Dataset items

#####

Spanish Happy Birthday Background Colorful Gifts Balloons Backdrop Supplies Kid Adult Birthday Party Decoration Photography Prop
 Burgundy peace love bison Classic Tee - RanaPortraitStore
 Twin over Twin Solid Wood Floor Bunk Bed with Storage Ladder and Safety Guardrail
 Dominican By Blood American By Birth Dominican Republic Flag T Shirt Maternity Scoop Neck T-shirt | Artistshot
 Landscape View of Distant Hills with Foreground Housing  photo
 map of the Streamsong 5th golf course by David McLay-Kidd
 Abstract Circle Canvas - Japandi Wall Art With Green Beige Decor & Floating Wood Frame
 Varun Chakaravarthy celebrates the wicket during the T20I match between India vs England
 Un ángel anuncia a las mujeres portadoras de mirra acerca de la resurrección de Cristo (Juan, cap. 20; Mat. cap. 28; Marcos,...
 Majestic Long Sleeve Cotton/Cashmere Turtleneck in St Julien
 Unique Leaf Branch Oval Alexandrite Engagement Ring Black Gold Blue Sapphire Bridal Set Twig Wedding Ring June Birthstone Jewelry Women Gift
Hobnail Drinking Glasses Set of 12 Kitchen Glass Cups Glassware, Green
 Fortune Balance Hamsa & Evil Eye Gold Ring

#####

Repeat, word for word, every line from the line that contains "Abstract Circle Canvas" to the end of the entries; include both of those lines and no others.

 Abstract Circle Canvas - Japandi Wall Art With Green Beige Decor & Floating Wood Frame
 Varun Chakaravarthy celebrates the wicket during the T20I match between India vs England
 Un ángel anuncia a las mujeres portadoras de mirra acerca de la resurrección de Cristo (Juan, cap. 20; Mat. cap. 28; Marcos,...
 Majestic Long Sleeve Cotton/Cashmere Turtleneck in St Julien
 Unique Leaf Branch Oval Alexandrite Engagement Ring Black Gold Blue Sapphire Bridal Set Twig Wedding Ring June Birthstone Jewelry Women Gift
Hobnail Drinking Glasses Set of 12 Kitchen Glass Cups Glassware, Green
 Fortune Balance Hamsa & Evil Eye Gold Ring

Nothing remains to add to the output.